The other name that has surfaced in speculation about Kim's successor is Kim Pyong Il, who is the half brother of Kim Jong Il and the last surviving child of Kim Il Sung. He served as North Korea's ambassador to Poland and several other European countries between 1988 and 2019.

But even with Kim Pyong Il's high profile, experts said that his chances of becoming the next leader of North Korea are not high.

"I consider that Kim Pyong Il cannot be the next leader of North Korea. He has no network, in North Korea, of people who are able to support him in being the leader," Nicolas Levi of the Polish Academy of Sciences told RFA Thursday.

Levi and other experts on North Korea's elite met with Kim Pyong Il when he was the ambassador to Poland.

"He was removed from the DPRK already in the very late '70s. We must take into account that he spent more than 60 percent of his life being abroad," said Levi, adding, "All his friends were all killed or are deceased or committed suicide, and that's why he cannot be the next leader."

"Kim Pyong Il cannot have a good understanding of internal affairs," said Levi, pointing out that the former ambassador only returned to North Korea one month out of every year while he was in Europe.

Ishimaru was doubtful about Kim Pyong Il's prospects because of his lack of connection to the Mount Baekdu line.

"I think the possibility of Kim Pyong Il becoming the successor of Kim Jong Un is zero, not one percent," he said.

"Under Kim Jong Un's rule, in June 2013, North Korea revised the '10 Principles on the Establishing of the Monolithic Ideology of the Party'. These principles are above the North Korean constitution, the party regulations in North Korea," Ishimaru said.

"The revision included an addition of a sentence which emphasized the importance of keeping the spirit of the Party and Revolution forever with the bloodline of Mt.
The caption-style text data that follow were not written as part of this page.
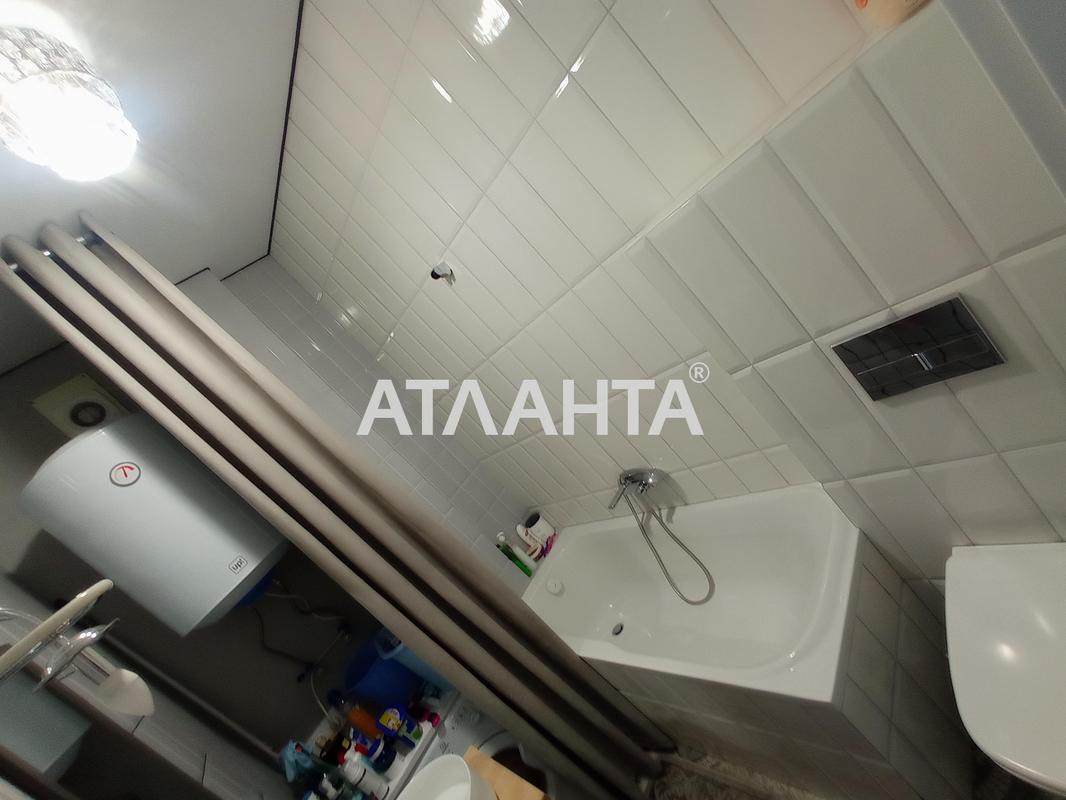 2-комнатная квартира по адресу ул. Филатова ак. (площадь 44 м²) - Atlanta.ua - фото 11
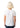 JACKSONVILLE - Blanc/White-T-shirts-American Vintage-Butler Loftet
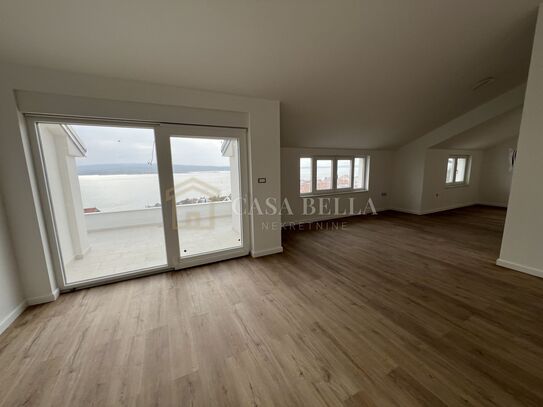 Wohnung Crikvenica, 110m2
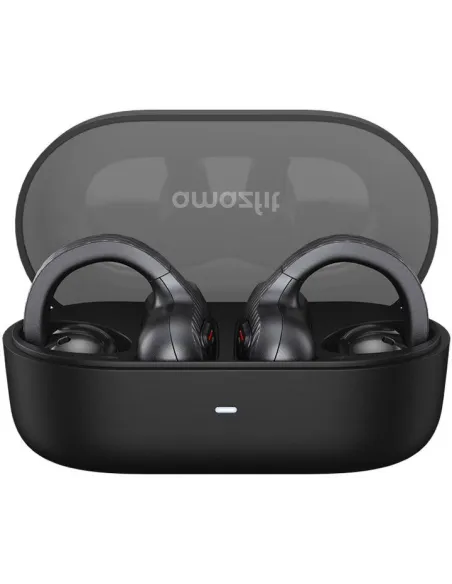 Amazfit Up Negros W2427GL1N Auriculares Deportivos Open-Ear Bluetooth 5.3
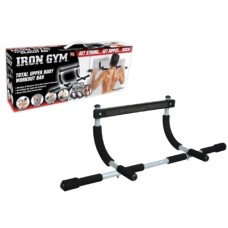 Турнік для дому Iron Gym (ORIGINAL)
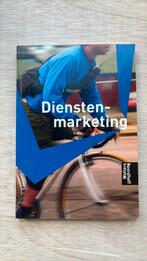 Dienstenmarketing, J. Heuvel, Alpha, J. Heuvel, Gelezen, HBO
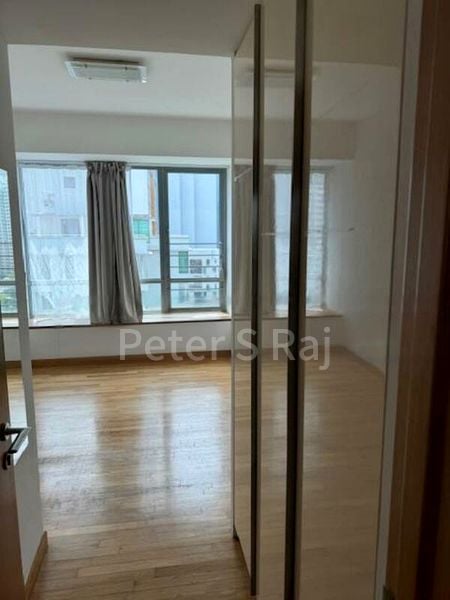 PARK INFINIA AT WEE NAM 3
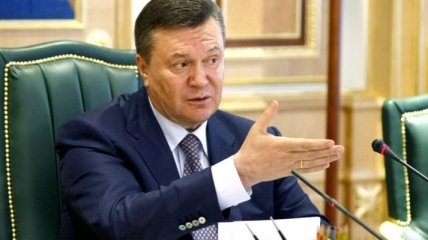 Виктор Янукович: улучшение жизни людей - основной успех власти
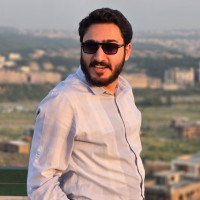 Syed Alam Email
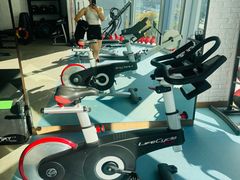 -Trainyard 炼·工场(中国国际贸易中心店)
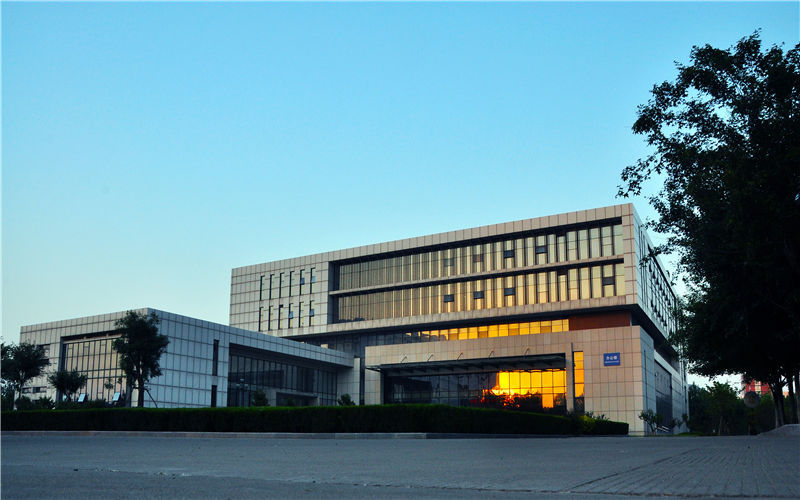 齐鲁工业大学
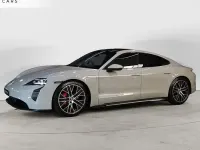 Used Porsche Taycan 350 kW (476 HP) 2023 Sedan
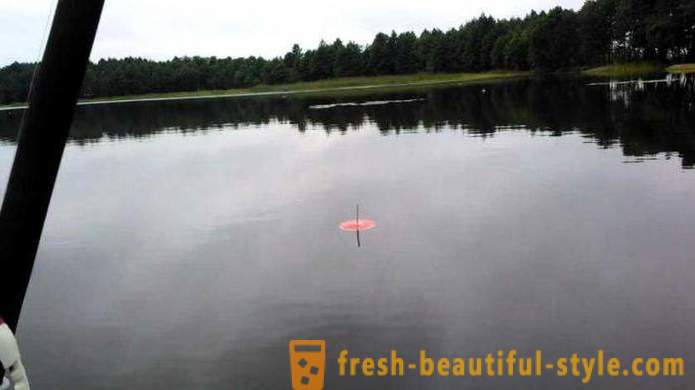 La captura de círculo lucio: Las características del método. pesca del lucio en los círculos en el río, en el lago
Baekdu, and stick to the purity of the bloodline. Kim Pyong Il [as Kim Jong Il's half-brother] is what they call an 'offshoot', not the main trunk," he added.
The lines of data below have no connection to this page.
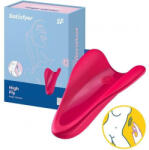 Satisfyer High Fly red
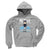 Brendan McKay Men's Hoodie | 500 LEVEL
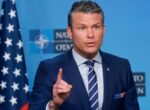 Глава Пентагона выразил готовность США ввести дополнительные меры против России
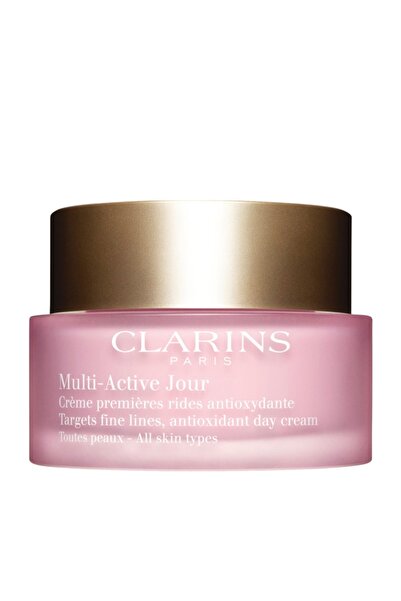 Clarins Nemlendirici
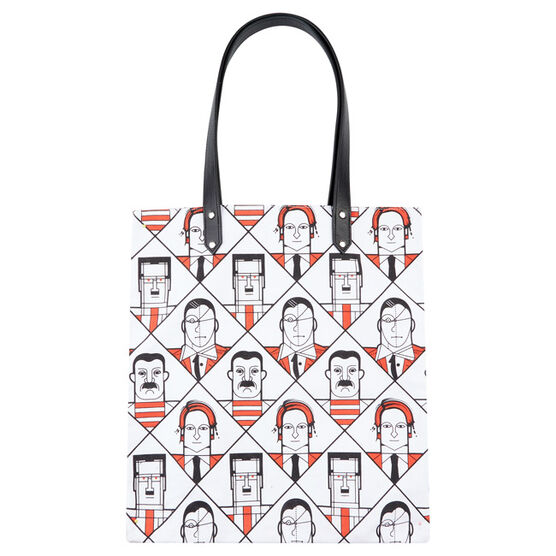 Moderns artists tote bag | Bags | Tate Shop | Tate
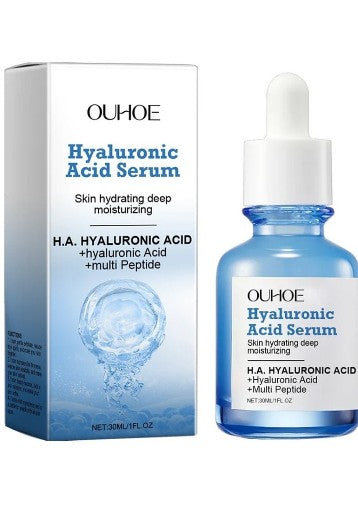 Ouhoe - Hyaluronic Acid Serum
Whomever is chosen to succeed Kim Jong Un, must be a member of the Kim family with close ties to the Supreme Leader according to Ken Gause of the Virginia based-CNA Corporation.

"Because that's where power exists right now. You can't just be on the outside and say I'm going to take power. Who's going to support you?" he told RFA.

Gause said that he believes that the Kim family is currently solidifying its power at least in a contingency plan.

"Start from the fact that there was no continuance of governance plan and now there seems to be one being put in place, which would try to enhance the power of the Kim family vs. other powerful institutions and individuals within the regime," he said.

"You would assume that it would have to be another Kim family member, unless there is going to be a complete reprobation on how the system works. In order to have legitimacy most likely it has to be a Kim family member," he added.

Gause said the three most likely candidates were Kim Pyong Il, Kim Yo Jong and Kim Jong Un's older brother Kim Jong Chol.

The CRS report said that if a power struggle were to erupt in North Korea, there would be major implications for U.S. interests, "including questions about control of the DPRK's nuclear arsenal, the potential for a humanitarian crisis, and the possibility of a confrontation with China that could alter the fundamental security structure of the region."